> **YOUR INSTRUCTIONS**: A word-for-word retyping of the listing below is required, with the pictures dropped.

> **SUPPLIED MATERIAL**:
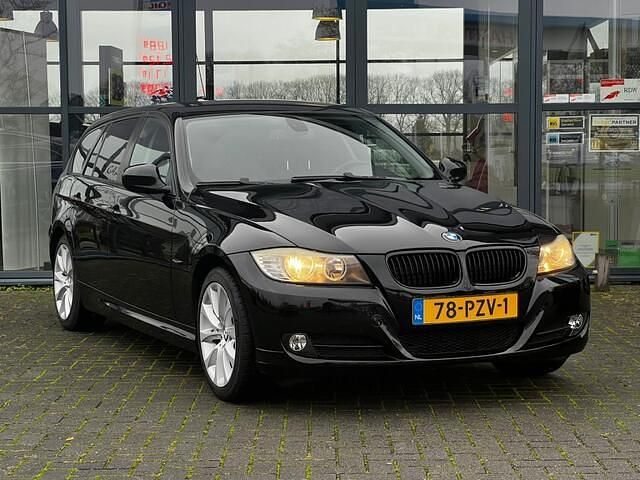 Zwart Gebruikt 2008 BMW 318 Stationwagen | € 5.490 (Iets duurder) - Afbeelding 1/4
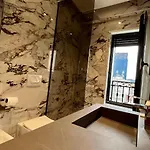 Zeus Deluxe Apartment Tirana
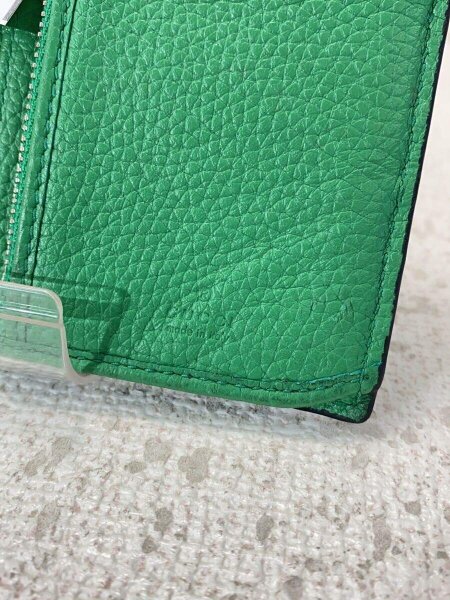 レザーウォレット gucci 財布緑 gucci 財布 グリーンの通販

> **YOUR RESPONSE**:
 Zwart Gebruikt 2008 BMW 318 Stationwagen | € 5.490 (Iets duurder) - Afbeelding 1/4
 Zeus Deluxe Apartment Tirana
 レザーウォレット gucci 財布緑 gucci 財布 グリーンの通販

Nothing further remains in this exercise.